Cambridge University Reporter


Natural Sciences Tripos, Part II, History and Philosophy of Science, 2005-06: Prescribed sources

The Board of History and Philosophy of Science give notice that the prescribed sources for the essay component of the Natural Sciences Tripos, Part II, in History and Philosophy of Science, 2005-06, are as follows:

Paper 1Selections from S. Parpola (ed.), Letters from Assyrian and Babylonian Scholars (1990).
Paper 2Fontenelle, tr, Behn, A Discovery of New Worlds (1688).
Paper 3Charles Darwin, Origin of Species (1859).
Paper 4Bas van Fraassen, The Scientific Image (1981), chapter 2.
Paper 5John R. Searle, The Construction of Social Reality, 1995.
Paper 6Sigmund Freud, The Interpretation of Dreams (1900), chapters 2-4.
Paper 7Helkiah Crooke, Microcosmographia (1615), Book 4.
Paper 8'The Geneticists' Manifesto', Nature, 1939.
Paper 9A.D. Sokal, 'Transgressing the Boundaries: Towards a Transformative Hermeneutics of Quantum Gravity', Social Text 46/47 (Spring/Summer 1996), 217-52 and 'Revelation: a physicist experiments with cultural studies', Lingua Franca, May/June 1996, 62-4.
Paper 10Rachel Carson, Silent Spring (1962).

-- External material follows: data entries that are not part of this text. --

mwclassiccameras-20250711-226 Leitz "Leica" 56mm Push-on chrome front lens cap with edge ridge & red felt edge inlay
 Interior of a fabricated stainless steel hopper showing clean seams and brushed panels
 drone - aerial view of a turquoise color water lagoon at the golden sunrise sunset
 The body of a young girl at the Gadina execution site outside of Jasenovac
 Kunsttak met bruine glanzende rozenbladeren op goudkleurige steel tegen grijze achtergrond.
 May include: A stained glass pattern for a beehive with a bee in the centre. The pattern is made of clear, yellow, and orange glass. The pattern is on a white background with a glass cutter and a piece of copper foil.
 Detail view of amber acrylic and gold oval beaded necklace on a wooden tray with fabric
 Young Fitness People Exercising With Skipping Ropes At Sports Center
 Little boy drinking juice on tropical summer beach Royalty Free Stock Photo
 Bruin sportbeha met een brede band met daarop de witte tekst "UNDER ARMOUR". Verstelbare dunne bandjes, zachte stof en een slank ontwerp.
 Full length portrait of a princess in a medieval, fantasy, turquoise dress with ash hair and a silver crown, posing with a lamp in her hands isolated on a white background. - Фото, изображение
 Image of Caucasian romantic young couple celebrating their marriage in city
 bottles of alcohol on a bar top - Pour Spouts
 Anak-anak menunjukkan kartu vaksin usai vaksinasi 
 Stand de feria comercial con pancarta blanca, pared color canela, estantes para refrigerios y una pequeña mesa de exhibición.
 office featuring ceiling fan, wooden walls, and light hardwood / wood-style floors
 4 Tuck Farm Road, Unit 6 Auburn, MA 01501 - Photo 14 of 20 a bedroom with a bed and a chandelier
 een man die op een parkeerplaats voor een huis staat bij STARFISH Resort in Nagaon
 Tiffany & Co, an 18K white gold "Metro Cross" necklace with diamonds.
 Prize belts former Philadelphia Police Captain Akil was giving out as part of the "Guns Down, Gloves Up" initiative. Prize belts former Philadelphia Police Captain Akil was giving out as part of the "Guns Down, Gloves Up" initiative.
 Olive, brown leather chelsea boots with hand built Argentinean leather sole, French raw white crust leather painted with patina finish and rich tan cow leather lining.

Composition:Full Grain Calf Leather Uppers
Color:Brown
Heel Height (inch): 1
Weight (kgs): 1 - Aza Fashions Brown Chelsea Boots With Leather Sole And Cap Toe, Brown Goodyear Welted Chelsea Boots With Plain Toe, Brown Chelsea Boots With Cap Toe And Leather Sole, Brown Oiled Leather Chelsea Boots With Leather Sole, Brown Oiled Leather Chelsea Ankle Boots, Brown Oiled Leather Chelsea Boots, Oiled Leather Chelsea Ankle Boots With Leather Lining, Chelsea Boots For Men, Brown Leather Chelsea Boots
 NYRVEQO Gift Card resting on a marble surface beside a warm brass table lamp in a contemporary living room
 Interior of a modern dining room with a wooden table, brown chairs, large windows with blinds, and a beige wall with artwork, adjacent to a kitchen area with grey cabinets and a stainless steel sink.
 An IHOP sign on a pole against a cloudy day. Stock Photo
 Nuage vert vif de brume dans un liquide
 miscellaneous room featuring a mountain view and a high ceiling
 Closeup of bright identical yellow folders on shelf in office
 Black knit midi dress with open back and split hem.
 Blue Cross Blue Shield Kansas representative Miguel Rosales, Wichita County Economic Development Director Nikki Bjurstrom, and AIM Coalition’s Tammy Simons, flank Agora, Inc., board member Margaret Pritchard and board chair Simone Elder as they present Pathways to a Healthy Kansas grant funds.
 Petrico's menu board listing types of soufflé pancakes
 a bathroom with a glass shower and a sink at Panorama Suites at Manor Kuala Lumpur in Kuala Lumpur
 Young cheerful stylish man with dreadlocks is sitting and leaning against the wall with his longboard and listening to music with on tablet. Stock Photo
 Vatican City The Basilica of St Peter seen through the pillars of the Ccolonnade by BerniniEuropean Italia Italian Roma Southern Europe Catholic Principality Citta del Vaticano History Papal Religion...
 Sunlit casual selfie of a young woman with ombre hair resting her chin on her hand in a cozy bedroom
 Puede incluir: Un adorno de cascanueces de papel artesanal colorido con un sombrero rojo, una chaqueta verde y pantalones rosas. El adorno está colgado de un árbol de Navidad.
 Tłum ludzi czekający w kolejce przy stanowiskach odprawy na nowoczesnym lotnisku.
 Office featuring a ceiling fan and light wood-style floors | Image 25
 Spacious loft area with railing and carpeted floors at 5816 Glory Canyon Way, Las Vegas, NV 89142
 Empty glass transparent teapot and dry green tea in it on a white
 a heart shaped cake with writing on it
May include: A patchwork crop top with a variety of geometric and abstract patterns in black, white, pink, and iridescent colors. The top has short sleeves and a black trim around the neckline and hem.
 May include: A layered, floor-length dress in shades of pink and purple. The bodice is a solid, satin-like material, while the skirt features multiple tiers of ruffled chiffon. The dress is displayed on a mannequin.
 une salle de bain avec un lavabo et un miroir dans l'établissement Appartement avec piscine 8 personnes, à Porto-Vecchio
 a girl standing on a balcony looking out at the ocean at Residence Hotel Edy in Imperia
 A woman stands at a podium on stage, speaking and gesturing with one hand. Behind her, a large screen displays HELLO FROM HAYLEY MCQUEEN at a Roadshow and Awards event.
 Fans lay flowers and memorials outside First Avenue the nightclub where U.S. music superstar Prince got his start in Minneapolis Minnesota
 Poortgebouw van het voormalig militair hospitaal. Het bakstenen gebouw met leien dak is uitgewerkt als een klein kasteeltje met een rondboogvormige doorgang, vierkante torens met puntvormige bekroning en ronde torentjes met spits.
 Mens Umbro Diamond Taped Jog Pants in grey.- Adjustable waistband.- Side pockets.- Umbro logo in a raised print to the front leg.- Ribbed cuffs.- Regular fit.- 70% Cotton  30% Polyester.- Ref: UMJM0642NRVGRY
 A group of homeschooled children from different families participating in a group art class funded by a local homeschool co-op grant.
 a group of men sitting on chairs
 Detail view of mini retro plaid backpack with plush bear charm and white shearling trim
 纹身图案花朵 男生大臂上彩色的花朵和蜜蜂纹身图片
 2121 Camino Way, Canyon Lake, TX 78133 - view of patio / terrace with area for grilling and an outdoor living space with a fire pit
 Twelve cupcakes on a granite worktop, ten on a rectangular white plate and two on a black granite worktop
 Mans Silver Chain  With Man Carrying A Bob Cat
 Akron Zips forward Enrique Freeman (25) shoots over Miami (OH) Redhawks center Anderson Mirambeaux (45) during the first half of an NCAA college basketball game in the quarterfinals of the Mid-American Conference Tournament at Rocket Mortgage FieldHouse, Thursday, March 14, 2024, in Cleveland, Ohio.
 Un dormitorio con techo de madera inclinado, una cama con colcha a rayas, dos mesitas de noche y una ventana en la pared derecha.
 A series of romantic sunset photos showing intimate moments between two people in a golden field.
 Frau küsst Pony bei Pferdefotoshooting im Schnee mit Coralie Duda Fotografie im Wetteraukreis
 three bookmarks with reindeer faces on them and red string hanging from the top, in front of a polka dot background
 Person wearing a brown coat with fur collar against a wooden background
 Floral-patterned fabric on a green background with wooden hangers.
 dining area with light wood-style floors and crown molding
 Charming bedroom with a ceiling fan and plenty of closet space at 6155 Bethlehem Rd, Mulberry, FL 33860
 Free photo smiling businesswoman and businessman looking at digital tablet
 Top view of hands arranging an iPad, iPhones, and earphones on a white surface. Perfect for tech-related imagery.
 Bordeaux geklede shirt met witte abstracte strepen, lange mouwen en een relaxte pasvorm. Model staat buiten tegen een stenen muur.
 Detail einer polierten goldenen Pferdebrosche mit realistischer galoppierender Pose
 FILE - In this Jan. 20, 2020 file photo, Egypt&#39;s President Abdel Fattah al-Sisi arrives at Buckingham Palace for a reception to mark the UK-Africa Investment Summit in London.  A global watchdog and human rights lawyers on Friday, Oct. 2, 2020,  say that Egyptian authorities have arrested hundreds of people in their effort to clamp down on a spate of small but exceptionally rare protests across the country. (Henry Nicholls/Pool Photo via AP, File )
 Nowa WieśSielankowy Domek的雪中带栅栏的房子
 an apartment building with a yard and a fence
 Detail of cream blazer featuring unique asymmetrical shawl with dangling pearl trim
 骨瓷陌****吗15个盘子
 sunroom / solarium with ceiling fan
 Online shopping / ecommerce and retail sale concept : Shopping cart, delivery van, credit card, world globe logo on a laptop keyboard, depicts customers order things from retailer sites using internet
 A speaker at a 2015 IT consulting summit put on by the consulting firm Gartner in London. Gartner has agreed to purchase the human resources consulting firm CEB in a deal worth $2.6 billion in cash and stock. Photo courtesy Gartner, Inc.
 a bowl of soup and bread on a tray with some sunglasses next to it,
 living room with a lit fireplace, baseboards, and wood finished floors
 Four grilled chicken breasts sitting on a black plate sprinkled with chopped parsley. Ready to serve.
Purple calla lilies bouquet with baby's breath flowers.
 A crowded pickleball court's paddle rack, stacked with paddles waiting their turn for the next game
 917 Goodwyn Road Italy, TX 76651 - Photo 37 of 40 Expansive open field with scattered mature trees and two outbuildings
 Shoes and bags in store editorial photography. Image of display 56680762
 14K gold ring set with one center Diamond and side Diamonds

Each source will have four hours of seminars. The seminars for each source will be held in the first half of Michaelmas Term 2005. Candidates are advised to attend seminars for four Primary Sources. These will normally be those sources associated with the three papers they are offering plus one other. Candidates will be required to write essays on two sources, which must be submitted to the Examiners on Monday, 23 January 2006. Each essay should be not more than 3,000 words in length (including footnotes, but excluding bibliography).